Welcome to my Sanctuary. |WORD IZ|
We moved to small town Mthatha where my mom is from, 4 years after me and my younger brother were born ... stayed there during my prep, middle and junior school years, however Cape Town was my holiday destination every June and December vacation respectively, since father moved this side. I fell in love with this city, hence my request to move here and complete my high school years. It was fun and sad at times but I loved it nonetheless. For all those that don't know |Your ignorance is pardoned| I am a young black gay male currently juggling University and life and its shortcomings. I'm enrolled for a Baccalaureates Atrium, majoring in Political Science, Gender Studies and African Literature. With God's grace by the end of the coming year I will be conferred with my first ever degree ... I await that day with bated breath.
My life:
I have been told by many that I appear as though I'm stuck-up and egotistical or is it 'ego-testicle' |laughs|, well my response has always been ... 'well darling ... you clearly don't know me as well. Self love I have but, I don't regard myself as better than any individual ... unless we're competing for Beyonce's bootie hop. I make friends quite easily to a limited extent though ... sometimes I become a 'social decline' for no apparent reason. I have friends, I have had friends, I have lost friends, and I'm still looking for friends because my belief is that true friends are forever. I like music, I like alcohol and I love a good time | please note that my definition of good time might be slightly different to what you have in mind, thus mine is shopping alone or with friends, eating out, dressing up for the movies, going from night bar to night bar just because it is well within my right, spending time with loved ones, reading a good book, laughing, drinking wine and smiling while doing it (I have proven the fact that you tend to get tipsy more than the others in the room if you do so), going through fashion spreads and gossip columns of a magazine at the magazine section of a local supermarket, just to be on the know of the latest fads and trends ... even though I will not be purchasing the magazine |laughs to self|, cooking, baking and all the typical domestic stuff my mommy taught me all those years, I love girls girls and more girls ... I relate to them more than I do to any species.
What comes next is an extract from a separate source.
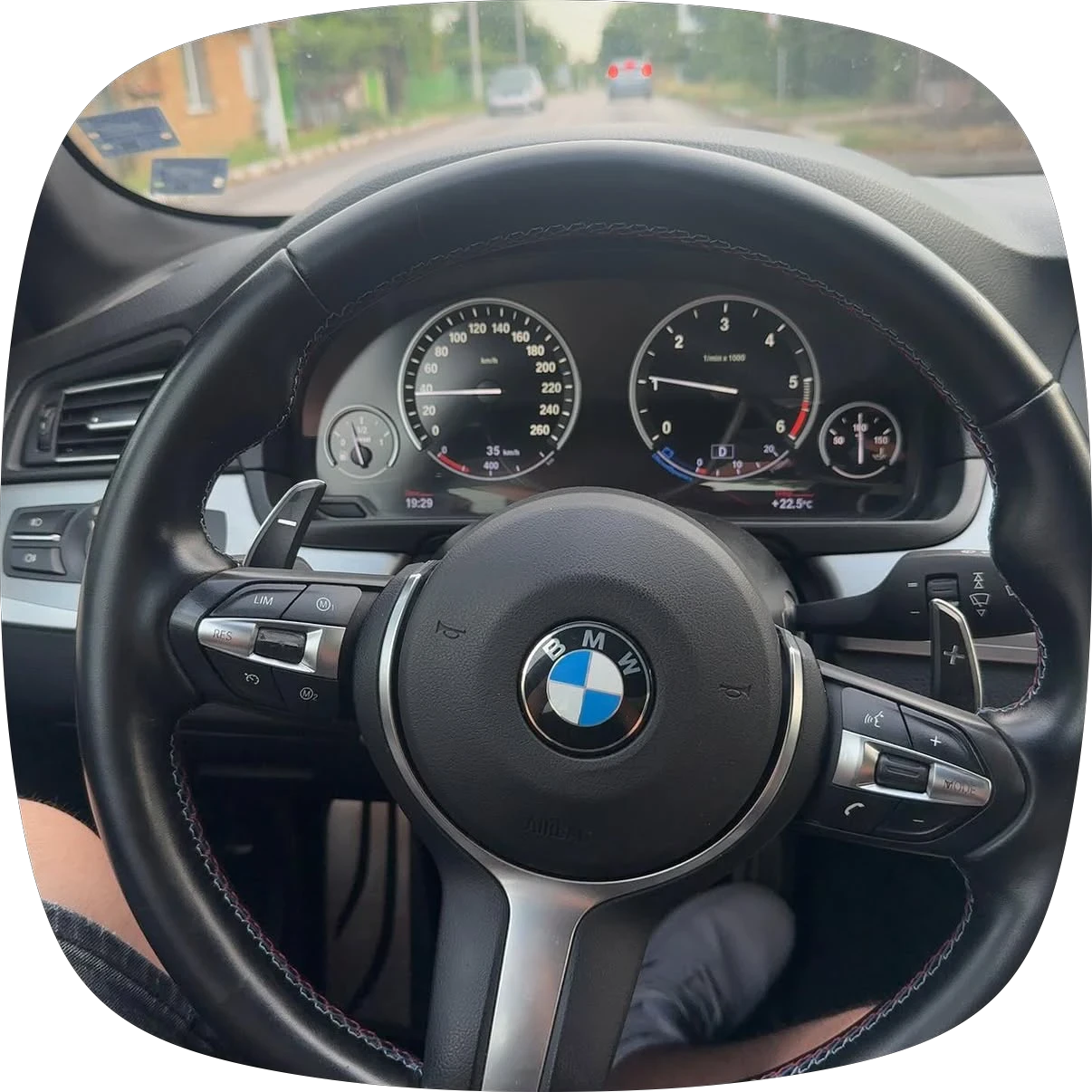 BMW 530, снимка 3 - Автомобили и джипове - 55781549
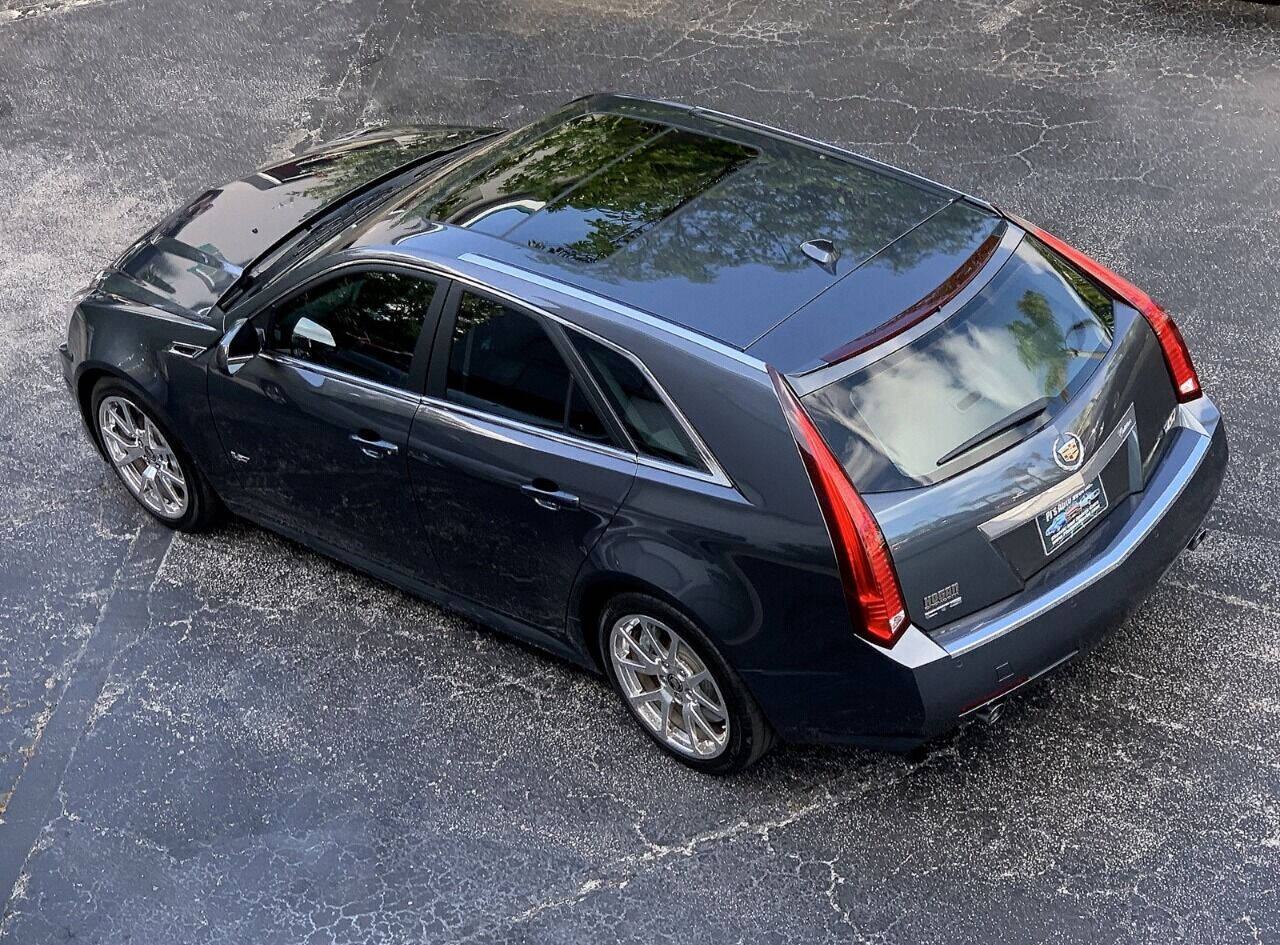 2011 Cadillac CTS-V 33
I also enjoy it when I get A's and B's on my script after a hectic paper| that for me is a good time!
Nuff said:
Well I can count the number of times I've had boyfriends, and I mean people that I had relations with ... I think about |scratching head vigorously| 3. |laughs to self| I am single ... sometimes miserable but at times the best thing that ever happened to me |Yeah right!| well considering that I'm a free spirit that's always willing to dress the part and prepare to shake some booty at a party a friend invites me to, I'd say its pretty much the best thing that ever happened to me. However, this post is not about my marital status, I just thought I should throw it out there.
Finally:
I guess the point of this blog is purely for fun reasons, I am introducing myself to the world in a witty, fun, spontaneous and sometimes serious manner. I want to teach and be taught, I want to laugh, I want to love, I want to be free.